/*
注意:在linux中是不分线程跟进程的,多线程程序的实现是依靠一组轻量级进程,
线程组就由一组轻量级线程组成的。
每个进程都有一个不同的PID。但是POSIX标准规定了一个多线程应用程序中的所有线程必须有
相同的pid,所以linux中引入了tgid字段,用来表示一组线程(一组轻量级进程)的id号,对于
领头线程(第一个轻量级进程)其tgid与pid相同,而其他的线程不同,系统调用getpid是
返回的tgid,而不是pid。
无论fork,clone,vfork,最终都是调用do_fork进行创建进程的
*/
long do_fork(unsigned long clone_flags, /*clone标志*/
unsigned long stack_start, /*用户栈地址,如果为0则与父进程公用*/
struct pt_regs *regs, /*从用户态切换到内核态时被保存到内核栈的寄存器的值*/
unsigned long stack_size, /*未使用,总是0*/
int __user *parent_tidptr, /*父进程的用户态变量地址,该父进程具有与新的轻量级进程相同的pid。只有在CLONE_PARENT_SETTID标志被设置时才有意义*/
int __user *child_tidptr) /*新轻量级进程的用户态变量地址,该进程具有与这一类轻量级进程相同的pid。只有在CLONE_CHILD_SETTID标志被设置时才有意义*/
{
struct task_struct *p;
int trace = 0;
//分配一个新的pid
struct pid *pid = alloc_pid();
long nr;
if (!pid)
return -EAGAIN;
nr = pid->nr;
//是否被跟踪
if (unlikely(current->ptrace)) {
trace = fork_traceflag (clone_flags);
if (trace)
clone_flags |= CLONE_PTRACE;
}
//复制父进程的资源,这是创建过程的关键步骤
p = copy_process(clone_flags, stack_start, regs, stack_size, parent_tidptr, child_tidptr, nr);
/*
* Do this prior waking up the new thread - the thread pointer
* might get invalid after that point, if the thread exits quickly.
*/
if (!IS_ERR(p)) {
struct completion vfork;
//如果带有CLONE_VFORK标志.赋值并初始化vfork_done
if (clone_flags & CLONE_VFORK) {
p->vfork_done = &vfork;
init_completion(&vfork);
}
//如果进子进程被跟踪,或者子进程初始化成STOP状态
//则发送SIGSTOP信号.由于子进程现在还没有运行,信号不能被处理
//所以设置TIF_SIGPENDING标志
if ((p->ptrace & PT_PTRACED) || (clone_flags & CLONE_STOPPED)) {
/*
* We'll start up with an immediate SIGSTOP.
*/
sigaddset(&p->pending.signal, SIGSTOP);
set_tsk_thread_flag(p, TIF_SIGPENDING);
}
//如果子进程末定义CLONE_STOPPED标志,将其置为RUNNING.等待下一次调度
//否则将子进程状态更改为TASK_STOPPED
if (!(clone_flags & CLONE_STOPPED))
wake_up_new_task(p, clone_flags);
else
//如果CLONE_STOPPED被设置,则吧子进程置为TASK_STOPPED
p->state = TASK_STOPPED;
if (unlikely (trace)) {
current->ptrace_message = nr;
ptrace_notify ((trace << 8) | SIGTRAP);
}
//如果设置了CLONE_VFORK,则将父进程插入等待对列,并挂起父进程直到子进程释放自己的内存地址空间。
//也就是说直到子进程结束或者执行新的程序
if (clone_flags & CLONE_VFORK) {
wait_for_completion(&vfork);
if (unlikely (current->ptrace & PT_TRACE_VFORK_DONE)) {
current->ptrace_message = nr;
ptrace_notify ((PTRACE_EVENT_VFORK_DONE << 8) | SIGTRAP);
}
}
} else {
free_pid(pid);
nr = PTR_ERR(p);
}
return nr;
}
copy_process是fork的核心函数,他创建进程描述符以及子进程执行所需要的所有其他数据结构,他的参数与do_fork相同,增加了子进程的pid。

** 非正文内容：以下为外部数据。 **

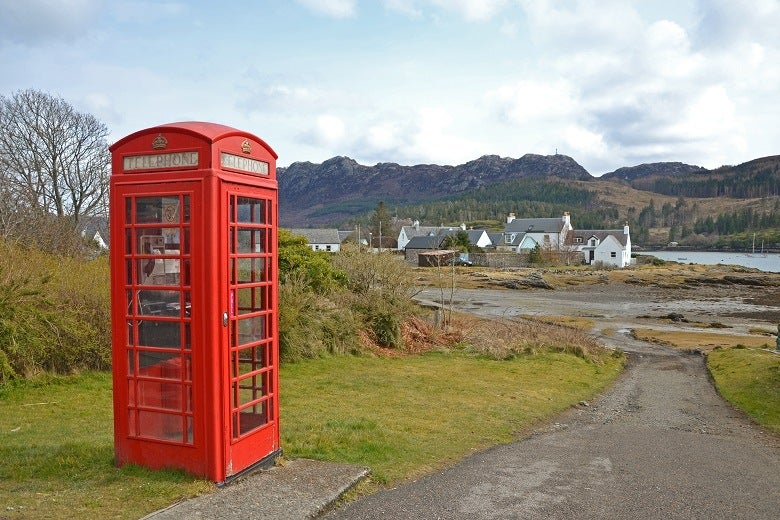 Red telephone box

static struct task_struct *copy_process(unsigned long clone_flags,
unsigned long stack_start,
struct pt_regs *regs,
unsigned long stack_size,
int __user *parent_tidptr,
int __user *child_tidptr,
int pid /*子进程的pid*/ )
{
int retval;
struct task_struct *p = NULL;
//对clone_flags进行检查
//不能同时定义CLONE_NEWNS,CLONE_FS
if ((clone_flags & (CLONE_NEWNS|CLONE_FS)) == (CLONE_NEWNS|CLONE_FS))
return ERR_PTR(-EINVAL);
//如果定义CLONE_THREAD,则必须要定义CLONE_SIGHAND
if ((clone_flags & CLONE_THREAD) && !(clone_flags & CLONE_SIGHAND))
return ERR_PTR(-EINVAL);
//如果定义CLONE_SIGHAND,则必须要定义CLONE_VM
if ((clone_flags & CLONE_SIGHAND) && !(clone_flags & CLONE_VM))
return ERR_PTR(-EINVAL);
//进行安全检查
retval = security_task_create(clone_flags);
if (retval)
goto fork_out;
retval = -ENOMEM;
//为子进程分配一个描述符
p = dup_task_struct(current);
if (!p)
goto fork_out;
rt_mutex_init_task(p);
#ifdef CONFIG_TRACE_IRQFLAGS
DEBUG_LOCKS_WARN_ON(!p->hardirqs_enabled);
DEBUG_LOCKS_WARN_ON(!p->softirqs_enabled);
#endif
retval = -EAGAIN;
if (atomic_read(&p->user->processes) >=
p->signal->rlim[RLIMIT_NPROC].rlim_cur) {
//如果用户的进程总数超过了限制
if (!capable(CAP_SYS_ADMIN) && !capable(CAP_SYS_RESOURCE) &&
p->user != &root_user)
goto bad_fork_free;
}
//用户拥有的进程数量加1
atomic_inc(&p->user->__count);
atomic_inc(&p->user->processes);
get_group_info(p->group_info);
/*
* If multiple threads are within copy_process(), then this check
* triggers too late. This doesn't hurt, the check is only there
* to stop root fork bombs.
*/
//检查当前进程数量是否超过最大值
if (nr_threads >= max_threads)
goto bad_fork_cleanup_count;
//加载进程的相关执行模块
if (!try_module_get(task_thread_info(p)->exec_domain->module))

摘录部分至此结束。